* **Your task**: Write every record out again exactly, and keep images out of it.

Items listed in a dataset

============================================================

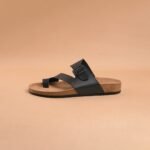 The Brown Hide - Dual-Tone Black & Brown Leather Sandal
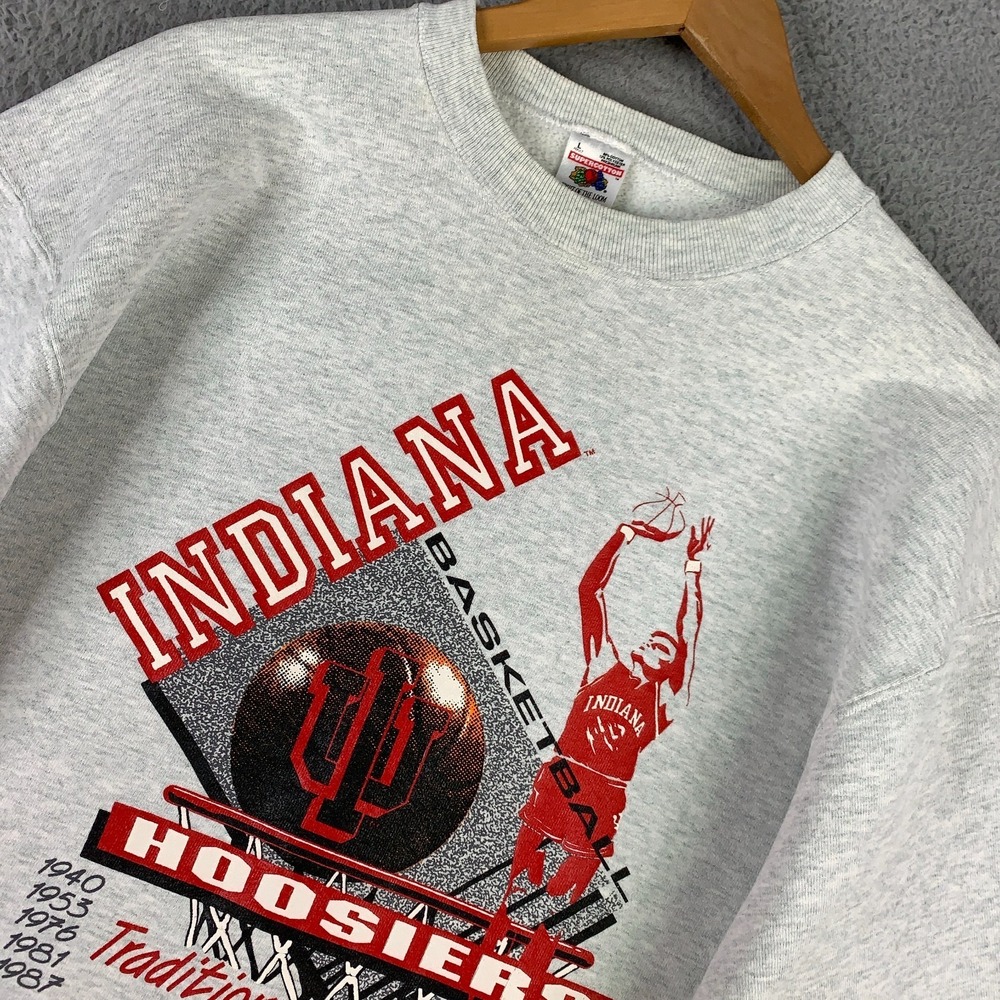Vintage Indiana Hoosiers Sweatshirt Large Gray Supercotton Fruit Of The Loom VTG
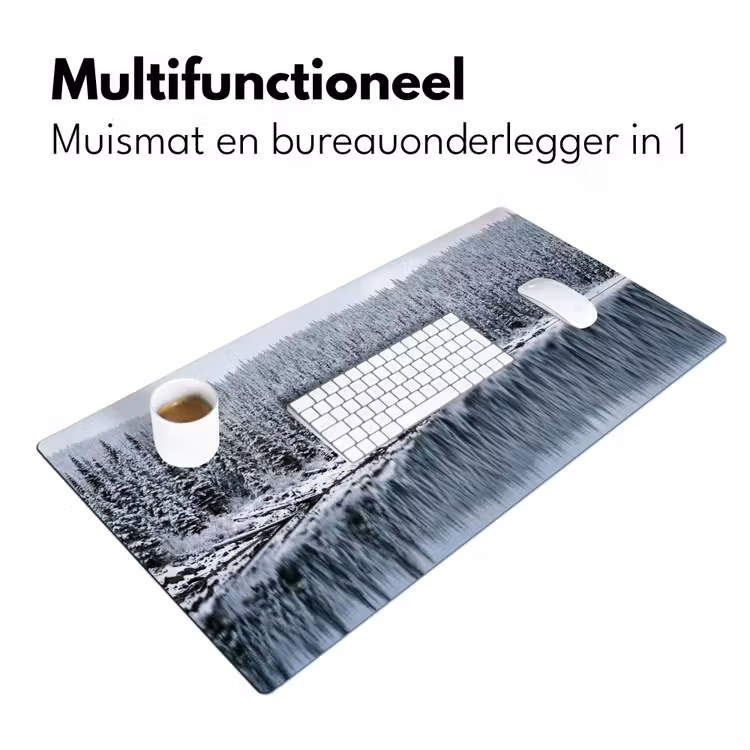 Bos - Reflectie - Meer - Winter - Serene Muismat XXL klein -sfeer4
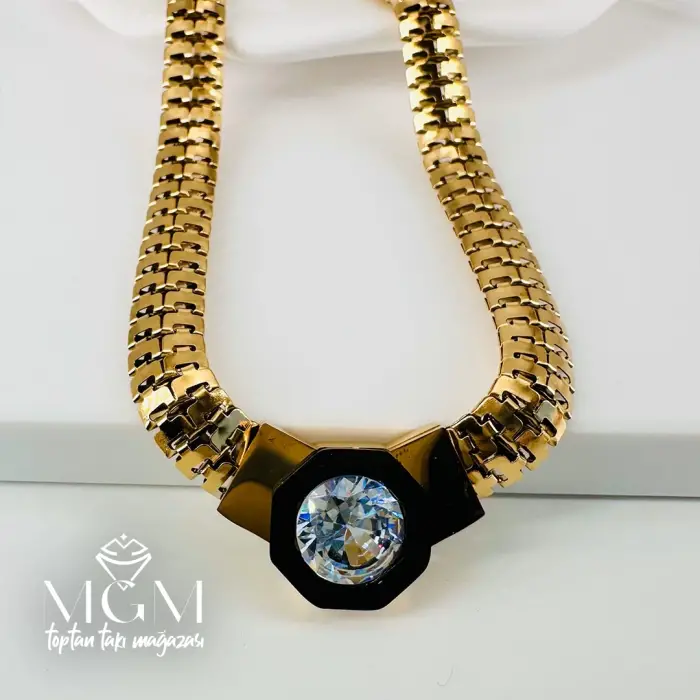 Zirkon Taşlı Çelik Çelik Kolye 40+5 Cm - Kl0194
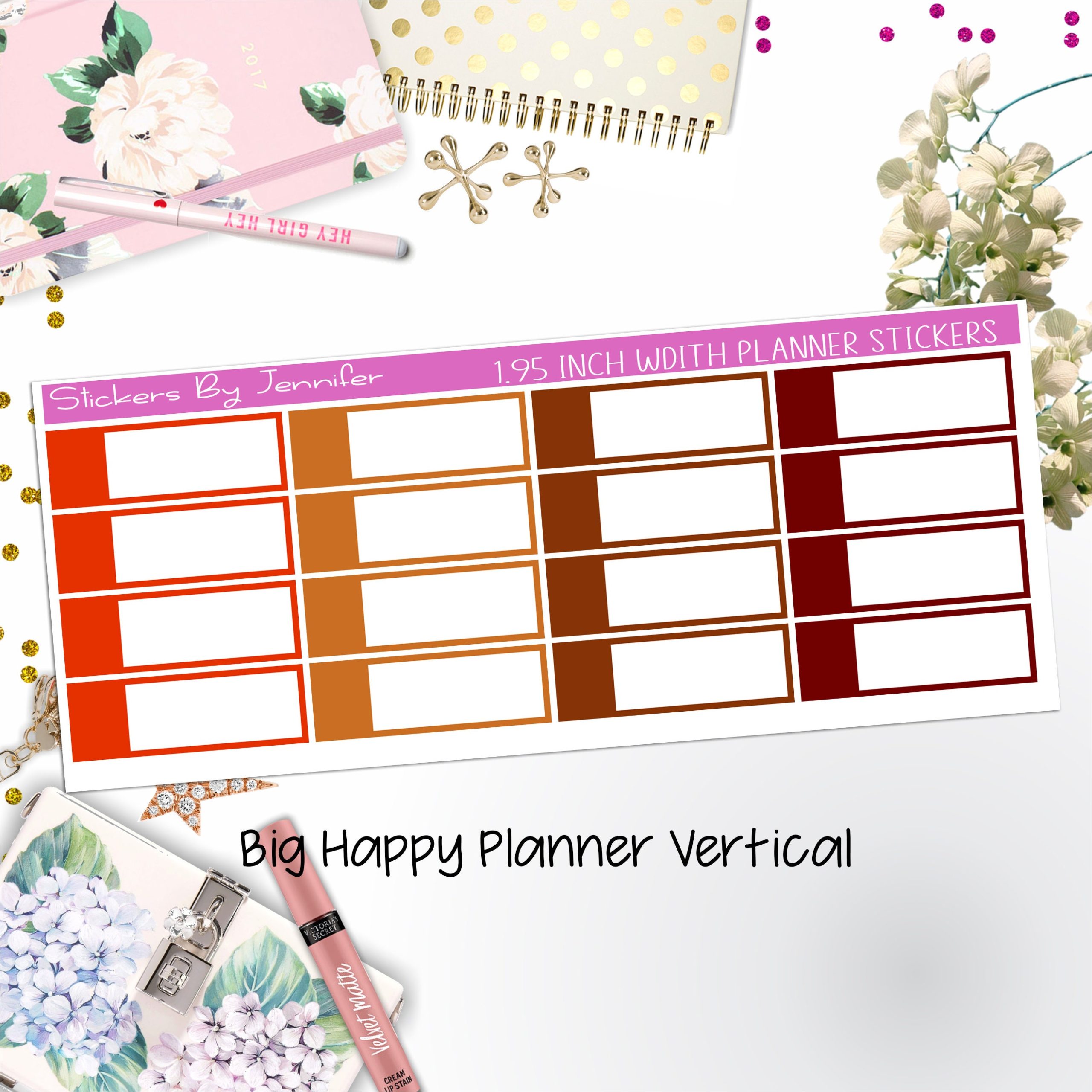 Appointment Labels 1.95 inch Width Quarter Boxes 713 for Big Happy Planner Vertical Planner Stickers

============================================================

* **Response for this exercise**:
 The Brown Hide - Dual-Tone Black & Brown Leather Sandal
Vintage Indiana Hoosiers Sweatshirt Large Gray Supercotton Fruit Of The Loom VTG
 Bos - Reflectie - Meer - Winter - Serene Muismat XXL klein -sfeer4
 Zirkon Taşlı Çelik Çelik Kolye 40+5 Cm - Kl0194
 Appointment Labels 1.95 inch Width Quarter Boxes 713 for Big Happy Planner Vertical Planner Stickers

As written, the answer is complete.